Updating Endpoint endpoint: projects/1026793852137/locations/us-central1/endpoints/757089622026092544
Endpoint endpoint updated. Resource name: projects/1026793852137/locations/us-central1/endpoints/757089622026092544


<google.cloud.aiplatform.models.Endpoint object at 0x7f9dc81f6530> 
resource name: projects/1026793852137/locations/us-central1/endpoints/757089622026092544

In [92]:
vertex_endpoint.traffic_split

{'8642070134854254592': 100, '2101717576005451776': 0}

In [93]:
vertex_endpoint.predict(instances = transaction_ids[0:2]).predictions

[[0.9684653609075246, 0.0315346390924755],
 [0.004793214059859108, 0.9952067859401409]]
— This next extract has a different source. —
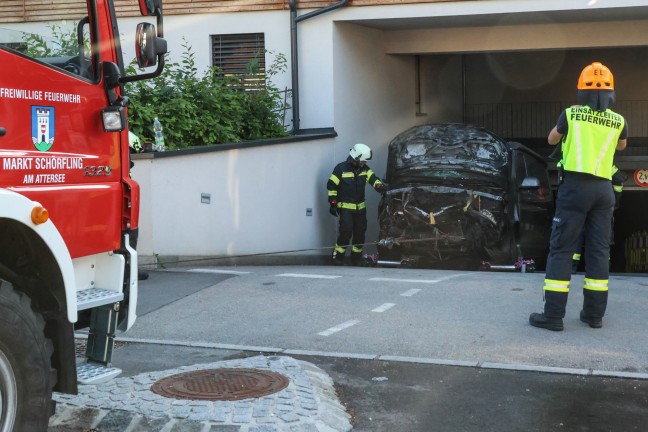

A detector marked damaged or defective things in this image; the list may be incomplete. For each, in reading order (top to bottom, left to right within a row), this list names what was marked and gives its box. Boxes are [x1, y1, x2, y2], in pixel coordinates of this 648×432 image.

burned car [378, 123, 556, 268] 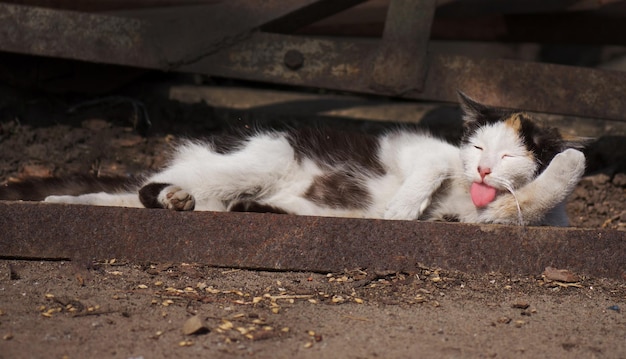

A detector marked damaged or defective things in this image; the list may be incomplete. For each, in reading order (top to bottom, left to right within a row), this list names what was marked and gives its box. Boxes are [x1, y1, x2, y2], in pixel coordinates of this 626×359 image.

### Undeploy Models Without Traffic

In [94]:
for deployed_model in vertex_endpoint.list_models():
    if vertex_endpoint.traffic_split[deployed_model.id] == 0:
        vertex_endpoint.undeploy(deployed_model_id = deployed_model.id)
vertex_endpoint.traffic_split

Undeploying Endpoint model: projects/1026793852137/locations/us-central1/endpoints/757089622026092544
Undeploy Endpoint model backing LRO: projects/1026793852137/locations/us-central1/endpoints/757089622026092544/operations/8120832250976665600
Endpoint model undeployed. Resource name: projects/1026793852137/locations/us-central1/endpoints/757089622026092544


{'8642070134854254592': 100}

### Undeploy All Models

In [95]:
for deployed_model in vertex_endpoint.list_models():
    vertex_endpoint.undeploy(deployed_model_id = deployed_model.id)
vertex_endpoint.list_models()

Undeploying Endpoint model: projects/1026793852137/locations/us-central1/endpoints/757089622026092544
Undeploy Endpoint model backing LRO: projects/1026793852137/locations/us-central1/endpoints/757089622026092544/operations/3211908657142824960
Endpoint model undeployed. Resource name: projects/1026793852137/locations/us-central1/endpoints/757089622026092544


[]

### Delete Endpoint

In [96]:
vertex_endpoint.delete(force = True)

Deleting Endpoint : projects/1026793852137/locations/us-central1/endpoints/757089622026092544
Endpoint deleted. . Resource name: projects/1026793852137/locations/us-central1/endpoints/757089622026092544
Deleting Endpoint resource: projects/1026793852137/locations/us-central1/endpoints/757089622026092544
Delete Endpoint backing LRO: projects/1026793852137/locations/us-central1/operations/6218061408412631040
Endpoint resource projects/1026793852137/locations/us-central1/endpoints/757089622026092544 deleted.